Implement system calls.

Basic Exercise 3 - Video Player - 40%#

In this part, you will run the provided user program to verify your previous implementation. The program requires a working scheduler, system calls, and framebuffer output.

Timer#

Enable the timer interrupt and schedule the pending threads when the timer interrupts. Set the timer to expire every 1/32 second so that the shell and video can run concurrently.

Framebuffer#

A framebuffer is a region of memory that holds pixel data for display output. The display hardware reads from this memory and outputs it to the screen. To display an image, simply write pixel data to the framebuffer address.

QEMU#

Add -device ramfb and remove -display none from your QEMU command to enable the framebuffer. Before use, the framebuffer base address must be registered with QEMU via the fw_cfg interface. You can either hardcode an available memory address or dynamically allocate a region.

Note

fw_cfg setup is not the focus of this lab. You can just use the exercise code as a reference for the implementation. Related questions will not be asked during the demo.

Orange Pi RV2#

Connect the HDMI output to a monitor. The framebuffer is initialized by U-Boot at physical address 0x7f700000, so no additional initialization is needed.
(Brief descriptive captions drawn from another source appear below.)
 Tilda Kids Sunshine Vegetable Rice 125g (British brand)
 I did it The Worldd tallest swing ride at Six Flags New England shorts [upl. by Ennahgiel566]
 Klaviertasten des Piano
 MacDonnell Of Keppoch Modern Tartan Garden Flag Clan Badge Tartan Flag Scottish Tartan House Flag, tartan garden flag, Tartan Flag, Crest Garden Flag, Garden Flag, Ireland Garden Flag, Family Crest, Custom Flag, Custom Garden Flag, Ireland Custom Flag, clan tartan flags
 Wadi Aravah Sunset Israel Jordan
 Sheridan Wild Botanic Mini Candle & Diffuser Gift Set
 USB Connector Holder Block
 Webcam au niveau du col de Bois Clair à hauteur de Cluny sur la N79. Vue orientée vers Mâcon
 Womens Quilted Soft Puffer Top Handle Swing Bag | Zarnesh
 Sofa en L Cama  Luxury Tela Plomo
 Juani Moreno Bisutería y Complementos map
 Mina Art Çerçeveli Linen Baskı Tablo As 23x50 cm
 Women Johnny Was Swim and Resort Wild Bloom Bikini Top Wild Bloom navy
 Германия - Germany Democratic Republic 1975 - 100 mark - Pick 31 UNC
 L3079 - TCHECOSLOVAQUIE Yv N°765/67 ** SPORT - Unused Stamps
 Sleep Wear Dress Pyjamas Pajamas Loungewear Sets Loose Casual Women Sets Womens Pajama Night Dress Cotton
After writing to the framebuffer, the CPU cache must be flushed using cbo.flush to ensure the display hardware reads the latest data from DRAM rather than stale cache. If your toolchain supports -march=rv64gc_zicbom, you can use the instruction directly. Otherwise, use the raw instruction encoding instead:

#define cbo_flush(start)                \
    ({                                  \
        asm volatile("mv a0, %0\n\t"    \
                     ".word 0x0025200F" \
                     :                  \
                     : "r"(start)       \
                     : "memory", "a0"); \
    })

Required System Calls#

7: void display(unsigned int *bmp_image, unsigned int width, unsigned int height)

Display the video.

8: int usleep(unsigned int usec)

Sleep for a specified number of microseconds.

User Program#

Load this user program to your kernel and execute it. The system call you defined above would be used by the user program.

Important

The user program must run in U-mode.

A snapshot of the user program:

../_images/lab5_help.png

Warning

You should be able to type commands in the shell while the video plays simultaneously. You can receive all the points only if you can run our test program fluently. Otherwise, even though you implemented the system call correctly, you will receive no points in this section.

Todo

Implement the video player.

Advanced Exercise#

Advanced Exercise - POSIX Signal - 30%#

POSIX signal is an asynchronous method of inter-process communication. When a process receives a signal, it executes a default or registered signal handler.

Implementation#

The kernel checks for pending signals before returning a process to user mode. If a signal is pending, the kernel redirects execution to the appropriate handler.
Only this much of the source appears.